Keywords: Cortisosteroids, Cardiac surgery, Low Cardiac Output Syndrome, Hydrocortisone, Congenital heart disease, Adrenal insufficiency
Introduction
Low Cardiac Output Syndrome (LCOS) refers to the decrease in cardiac output that occurs following cardiac surgery, which affects up to 25% of neonates and young children(1–3). The presence of LCOS may result in prolonged duration of mechanical ventilation, increased intensive care and hospital length of stay, and increased risk of other morbidities and mortality(1).

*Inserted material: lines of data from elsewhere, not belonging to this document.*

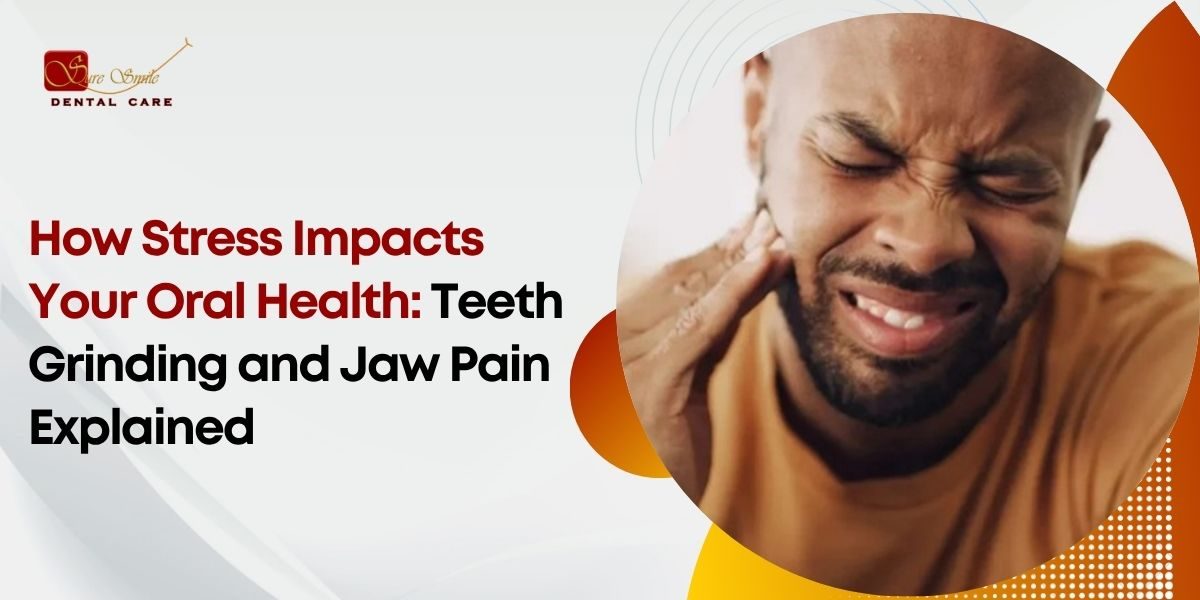 How Stress Impacts Your Oral Health Teeth Grinding and Jaw Pain Explained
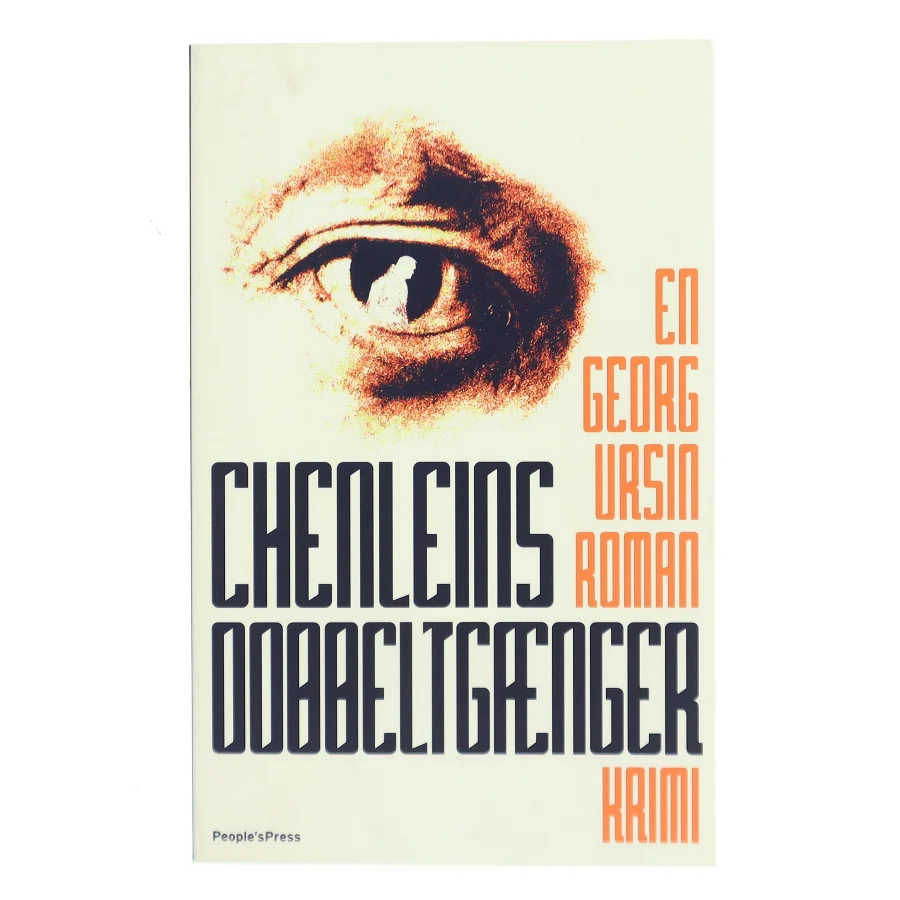 Chenleins dobbeltgænger : krimi af Georg Ursin (Bog)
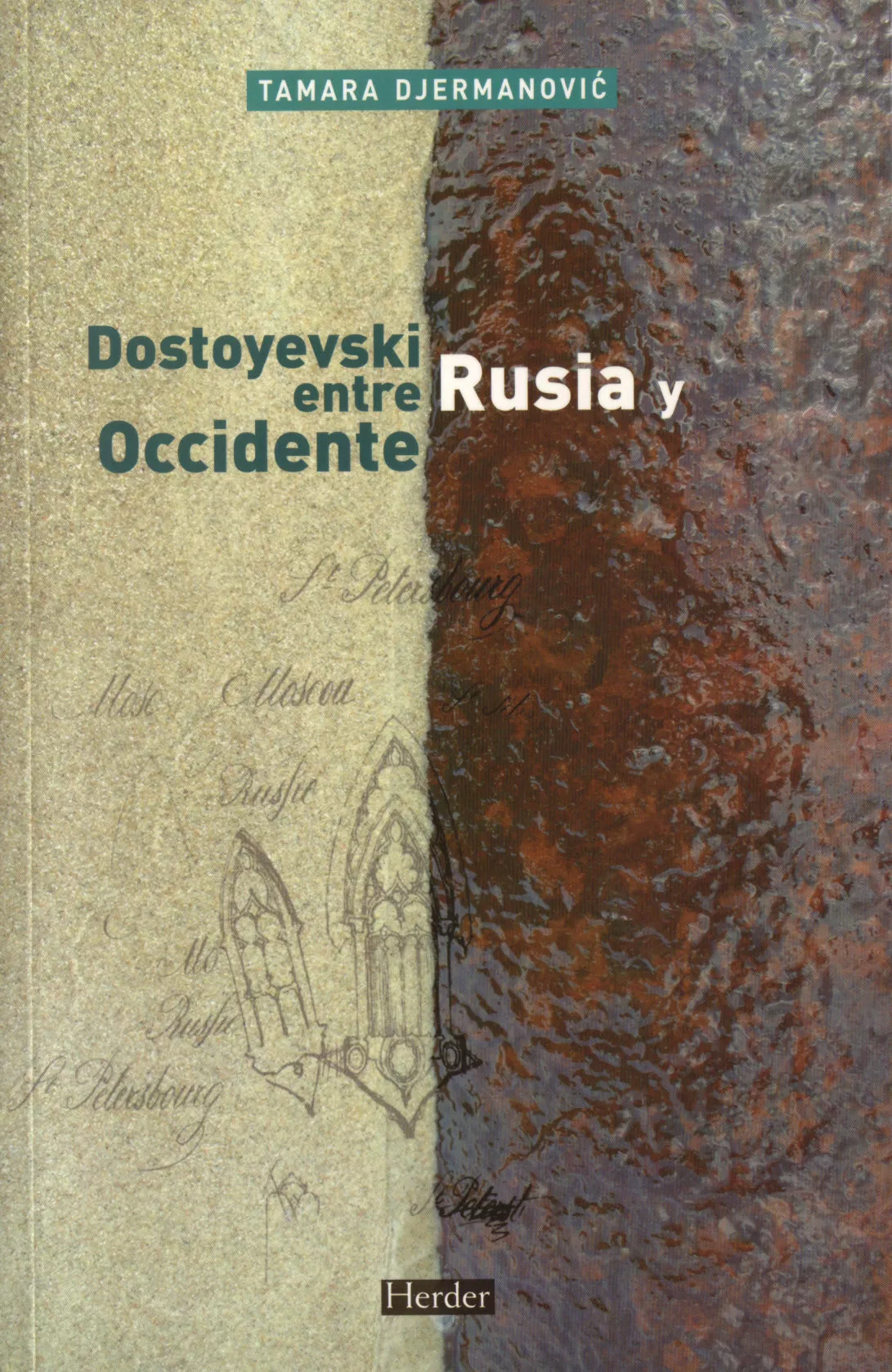 Portada del Libro Dostoyevski : Entre Rusia Y Occidente de Tamara Djermanovic - 9788425424786
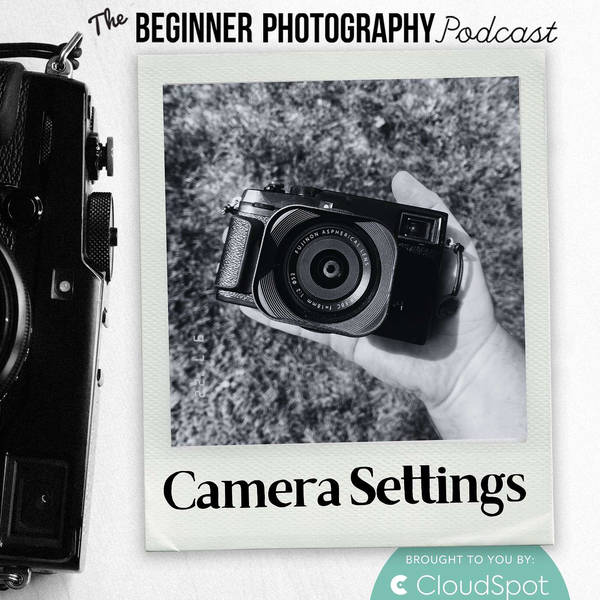Camera Settings Mega Episode: Unlock and Find Your Unique Style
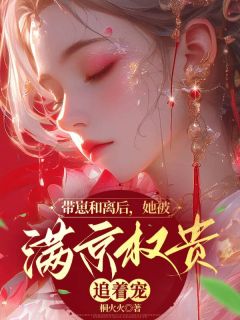 《带崽和离后，她被满京权贵追着宠》小说全文免费试读 《带崽和离后，她被满京权贵追着宠》最新章节目录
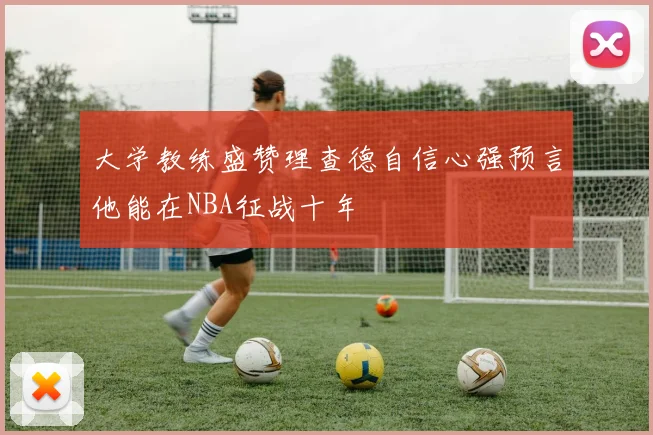 大学教练盛赞理查德自信心强预言他能在NBA征战十年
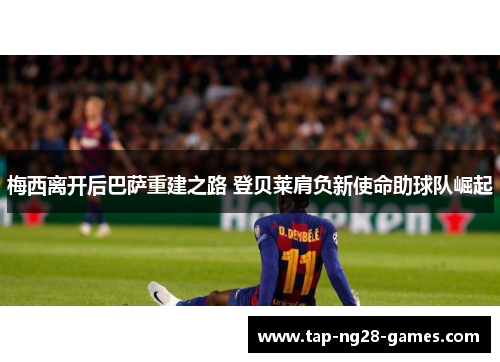 梅西离开后巴萨重建之路 登贝莱肩负新使命助球队崛起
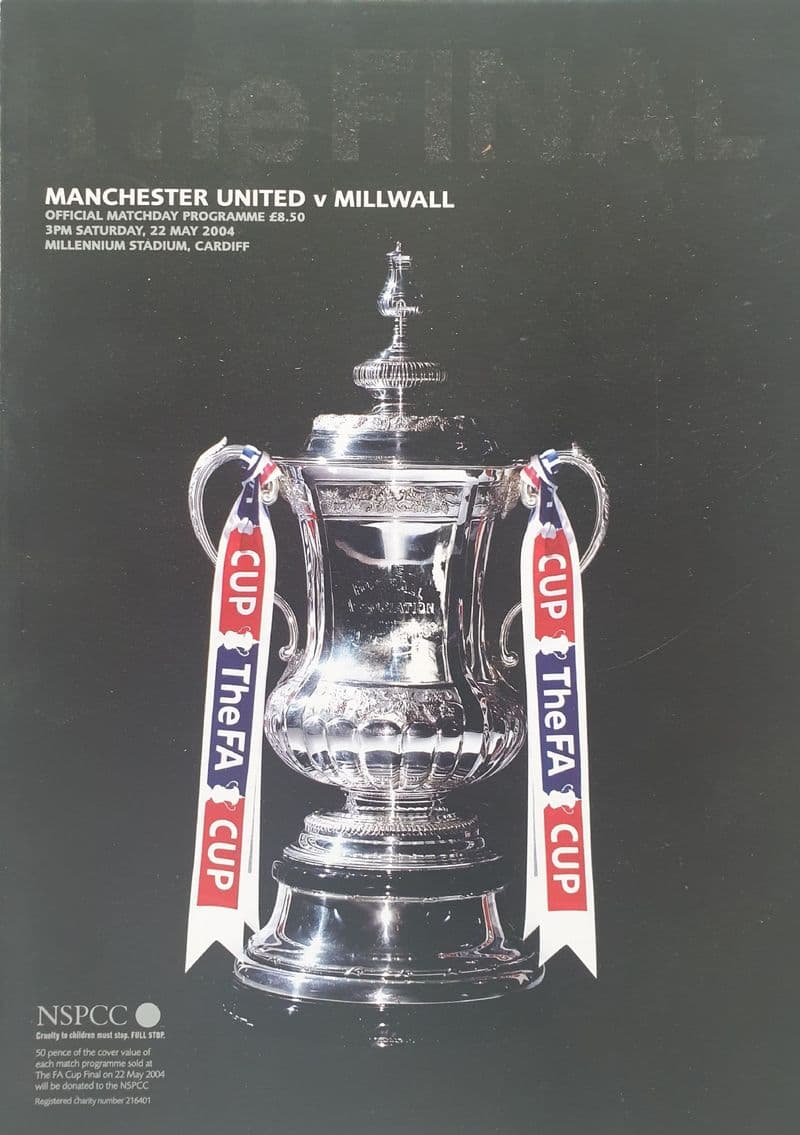 FA Cup Final 2004, Manchester United v Millwall (May 22nd)
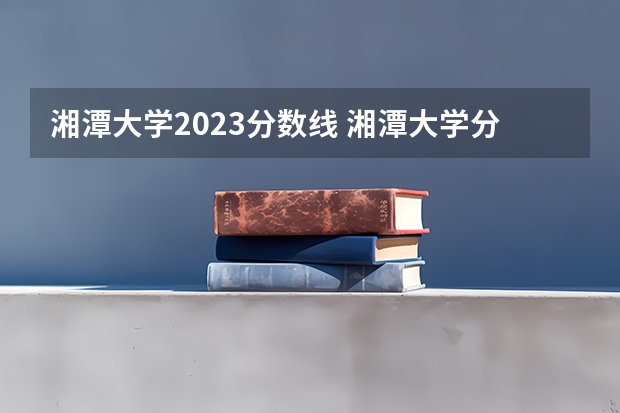湘潭大学2023分数线 湘潭大学分数线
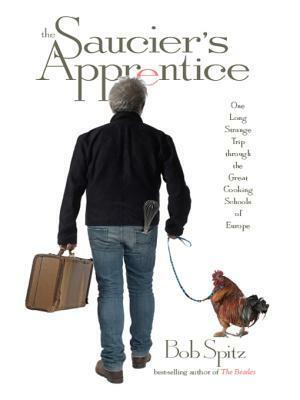 The Saucier's Apprentice: An Amateur's Adventures in the Great Cooking Schools of Europe by Bob Spitz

Current management of this clinical syndrome is supportive and includes the use of vasoactive agents and fluid administration (3). However, some patients appear to have a suboptimal response to these agents despite escalating doses of vasoactive agents. The identification and treatment of this subset of patients has not been well studied.
It has been hypothesized that patients with inotrope refractory LCOS may have relative adrenal dysfunction (4–6) raising the possibility that corticosteroids might be useful in this setting. Nonetheless, there are no randomized controlled trials on the use of corticosteroids for LCOS in children post cardiac surgery and recent large adult-based trials in septic shock have provided conflicting data with some suggesting more harm than benefit (7,8). There are currently no evidenced-based guidelines for the use of corticosteroids in LCOS in children post-cardiac surgery. As such current physician practices in this setting appear to be extrapolated from the guidelines from the American College of Critical Care Medicine for the use of hydrocortisone for children with septic shock(9).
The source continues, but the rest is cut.